Le roman Les enfants de chienne, le deuxième de Nicolas Delisle-L’Heureux, a une structure qui rappelle une montagne escaladée abruptement, puis doucement redescendue. Car c’est au sommet qu’on mesure l’ampleur du drame raconté.

Au départ, on suit les traces de Louise Fowley, enfant adoptée par une famille religieuse et rigoriste. Mais son tempérament rebelle lui donne la fougue pour confronter ses parents et affronter les moqueurs de son école. 

Elle s’y fait d’ailleurs deux amis, Marco et Laurence. Le trio, fantasque, se démarque à Val-Grégoire, petite ville (inventée) de la Haute-Côte-Nord où il ne se passe rien d’autre que les mille et une misères de la vie. Ce qui finira par inclure, il fallait s’y attendre, l’agression de Louise par le bum de la place. Sauf que ce Willy est le frère de Laurence et que Marco était sur place...

Louise se retrouve enceinte, à 13 ans. Elle quittera Val-Grégoire pour Montréal avec ses parents, qui refusent qu’elle avorte. Fort bien, qu’ils élèvent l’enfant alors ! Elle, elle attendra que Marco et Laurence la rejoignent pour partir ensemble, comme promis jadis.

Cette première partie raconte donc un drame. Curieusement, on a l’impression de le survoler plutôt que d’y plonger. Cette Louise est si forte, si indépendante – « elle se refusait au désespoir », comme dit le roman – qu’elle coupe toute émotion à son égard.

Un regard global bouleversant

C’est le récit suivant, celui de Marco, qui lève ce barrage. Voyons-y l’heureuse conséquence des connaissances professionnelles de l’auteur. Nicolas Delisle-L’Heureux est en effet travailleur communautaire à Montréal ; à travers « son » Marco, on sent à quel point il comprend la réalité des petits travailleurs et des gens démunis.

Marco, maintenant adulte, est installé au Labrador. Nul ne connaît son passé, pas même son amoureuse, alors il panique quand il apprend que Louise cherche à le retrouver. 

Avec délicatesse, Delisle-L’Heureux va dévoiler les raisons de son mutisme, le poids de culpabilité qu’il porte.
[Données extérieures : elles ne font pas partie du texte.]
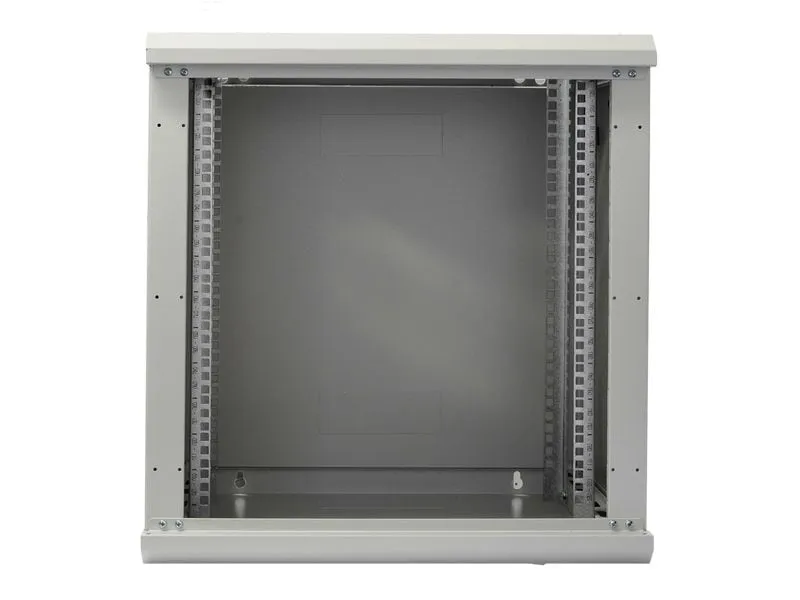 Wirewin Wandschrank 600X600X12U Pro 3rd Gen 19 / 12HE / Flat-Pack Wirewin Wandschrank 600X600X12U Pro 3rd Gen 19 / 12HE / Flat-Pack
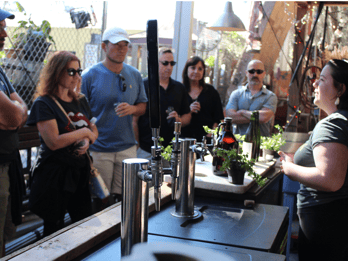 Florida Craft Beer & Brauerei Tour Florida Craft Beer & Brauerei Tour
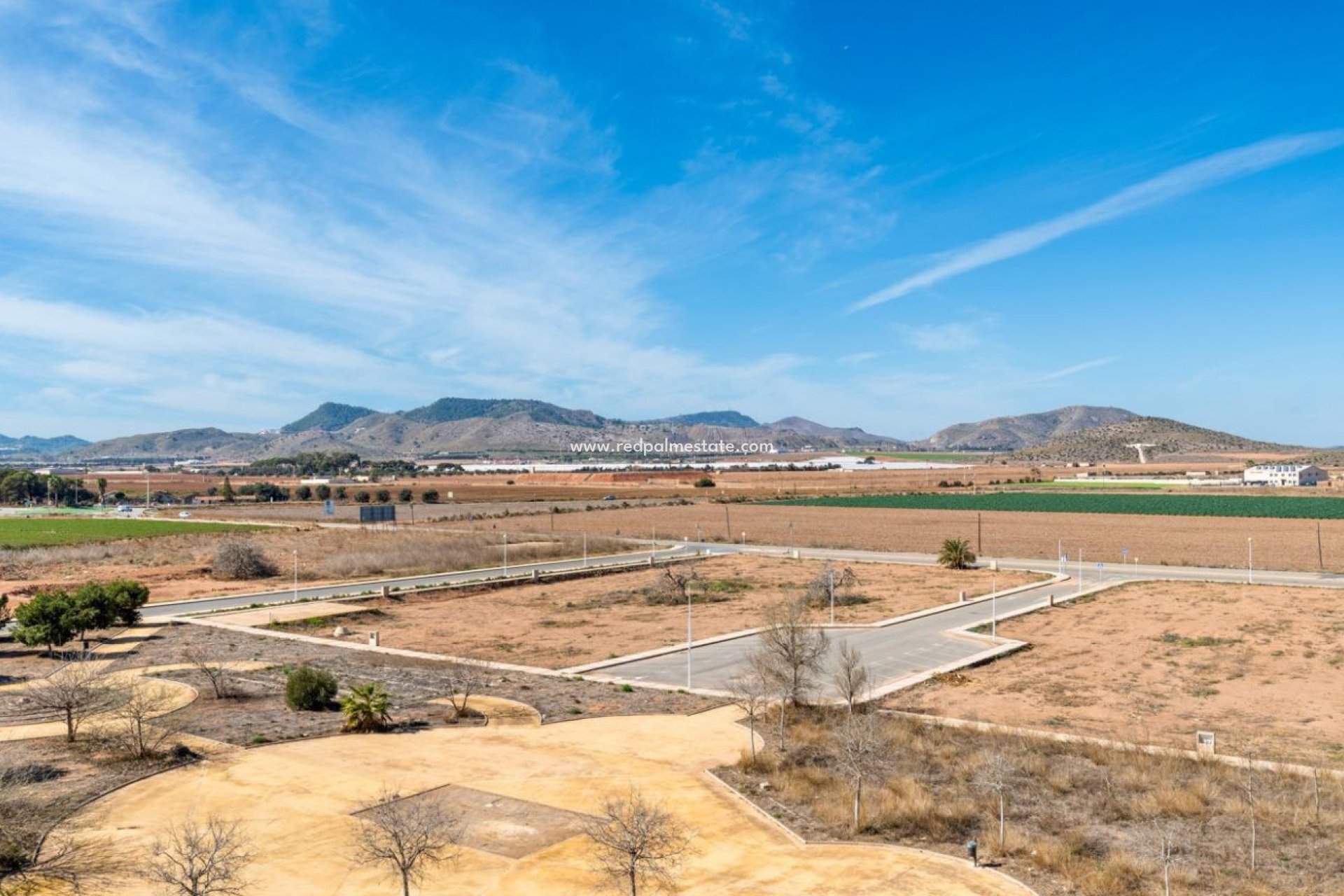 Nieuwbouw Woningen - Ander -
CARTAGENA - Mar De Cristal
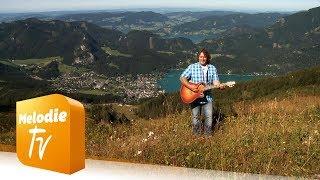 Michael Heck - Blau blüht der Enzian (Musikvideo)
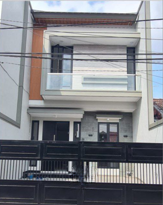 Dijual Rumah Siap Huni di Kawasan Nginden Intan Timur Surabaya Timur - Thumbnail 2
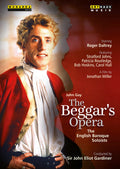 Gay,john / Daltry,roger / Routledge,patricia - Beggar's Opera - DVD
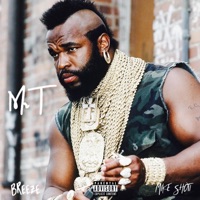 Mr T (feat. Breeze) - Single - MiKe ShoTi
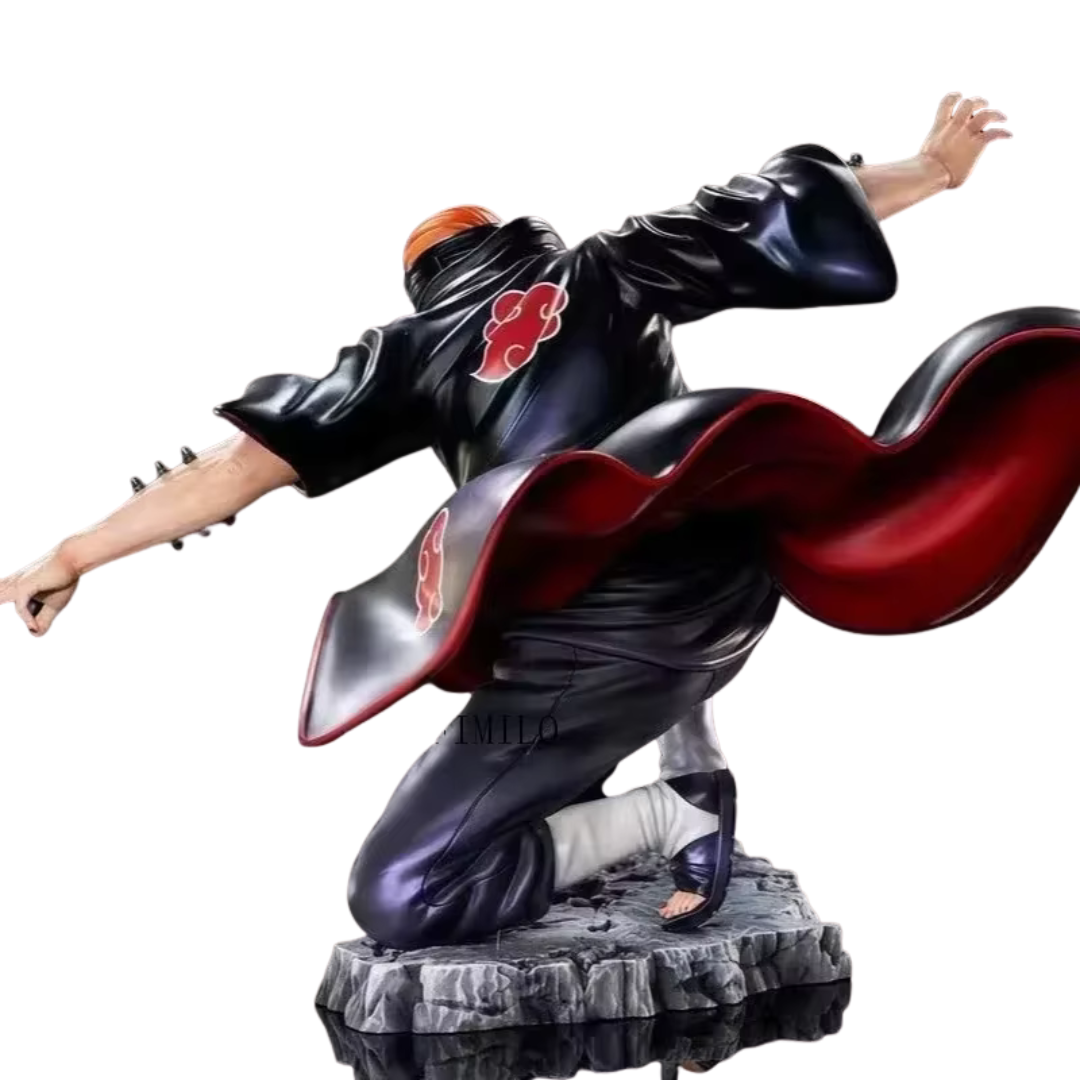 Figurine Gakido "Akatsuki" – Naruto Shippuden™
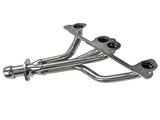 Exhaust Manifold Header Fit For w/ DownpipeJeep Wrangler TJ 197-99 2.5 L4 MT001057 95455309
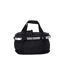 Panier Clipsable avec 2 Anses Vélo 42cm Noir-2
Non seulement le personnage sort ainsi de sa petitesse apparente et en est magnifié, mais tout le roman s’en trouve éclairé. 

Ce qui suit dans le récit, soit le tragique destin de Laurence puis la quête de réparation que poursuit Louise, trouve ainsi sa justification. On comprend mieux aussi le portrait tout en humour grinçant de Val-Grégoire qui clôt chacune des parties du roman.

Et grâce à l’assemblage patiemment tissé de tous ces points de vue, Les enfants de chienne, soudain, nous accroche. Le drame de Louise n’est donc pas que le sien : il a des répercussions pour le trio, le fils de Louise, la sœur de Willy, le village... Ce regard global là s’avère bouleversant.

On apprécie dès lors que ce monde de noirceur cède la place, dans une surprenante finale, à l’espoir. À l’image de la force de Louise.